§ Exercise description:
The stretch from the line with "Werbebanner mit Öse und Hohlsaum" through the line with "JAZWARES POKEMON BATTLE" in the records below: write it out exactly, and nothing else.

§ Data for analysis:
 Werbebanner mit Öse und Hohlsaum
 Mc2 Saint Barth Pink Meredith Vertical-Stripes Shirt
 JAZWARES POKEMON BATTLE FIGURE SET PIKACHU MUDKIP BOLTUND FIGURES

==

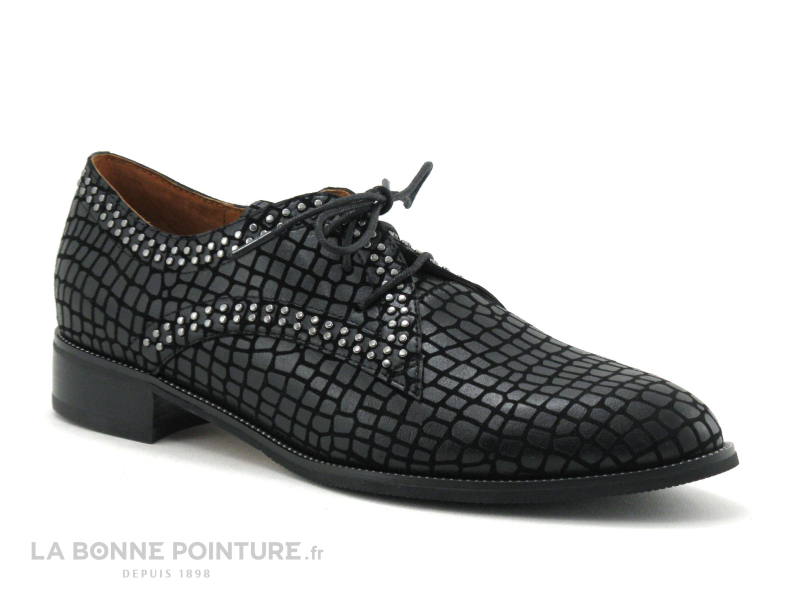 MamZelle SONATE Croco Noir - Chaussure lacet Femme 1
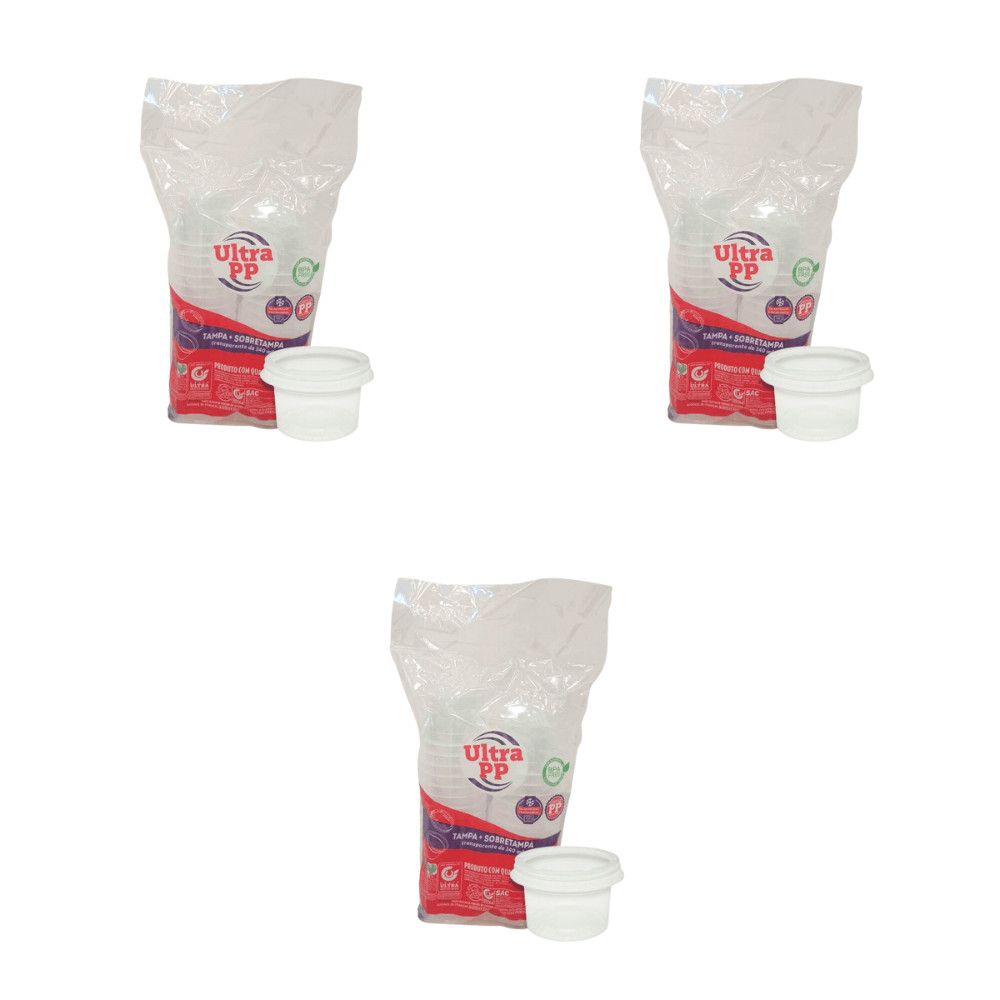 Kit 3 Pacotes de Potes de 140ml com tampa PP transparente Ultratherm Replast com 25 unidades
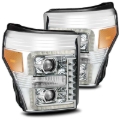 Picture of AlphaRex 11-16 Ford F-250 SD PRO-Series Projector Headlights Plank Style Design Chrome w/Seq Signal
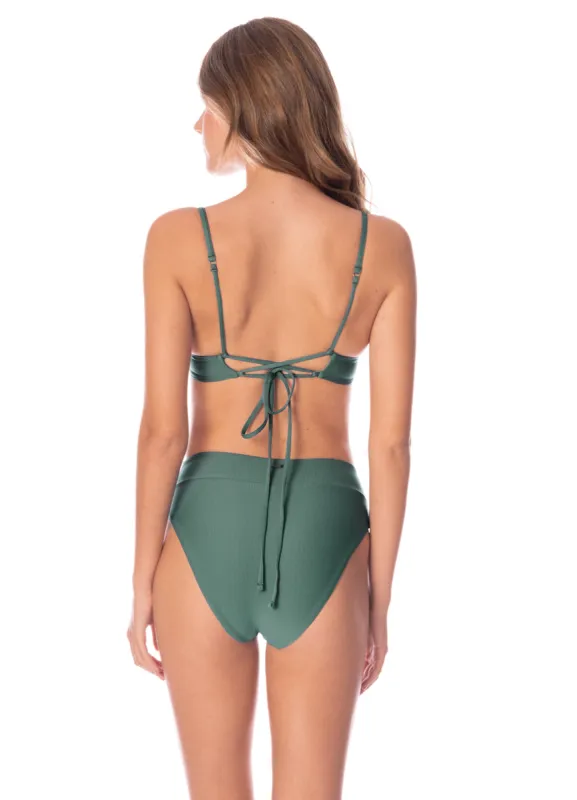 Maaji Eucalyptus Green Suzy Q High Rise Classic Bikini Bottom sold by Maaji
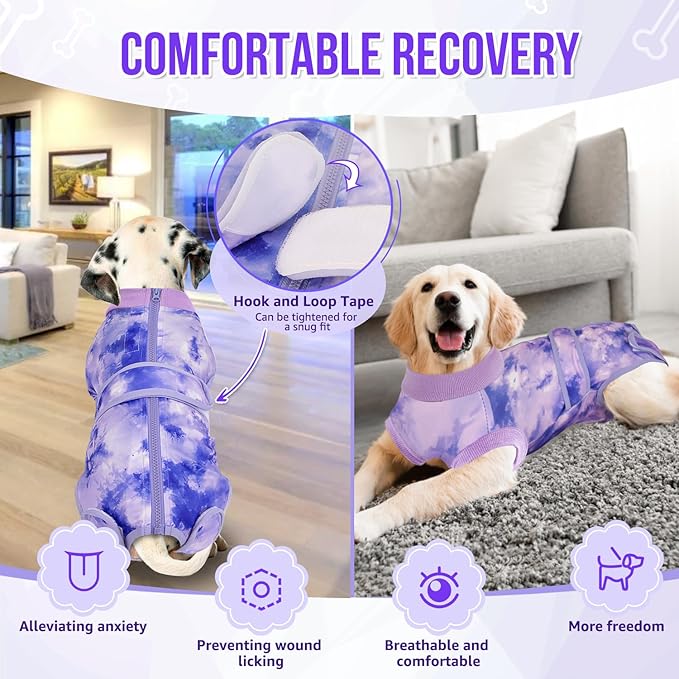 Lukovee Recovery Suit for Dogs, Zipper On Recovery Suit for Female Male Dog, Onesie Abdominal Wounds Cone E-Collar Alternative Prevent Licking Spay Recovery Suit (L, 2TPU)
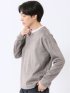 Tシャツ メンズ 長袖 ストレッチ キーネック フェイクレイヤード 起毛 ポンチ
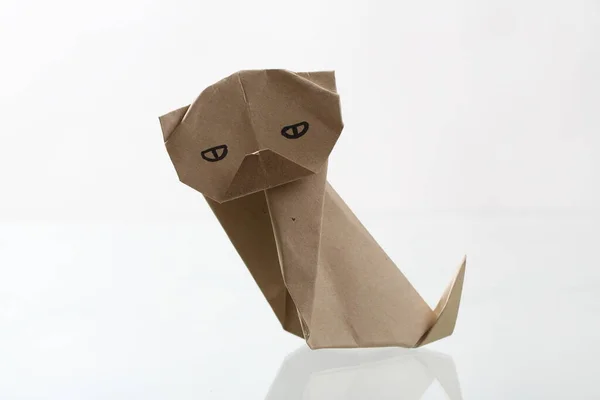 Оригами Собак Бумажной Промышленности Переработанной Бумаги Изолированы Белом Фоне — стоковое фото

§ Task answer:
 Werbebanner mit Öse und Hohlsaum
 Mc2 Saint Barth Pink Meredith Vertical-Stripes Shirt
 JAZWARES POKEMON BATTLE FIGURE SET PIKACHU MUDKIP BOLTUND FIGURES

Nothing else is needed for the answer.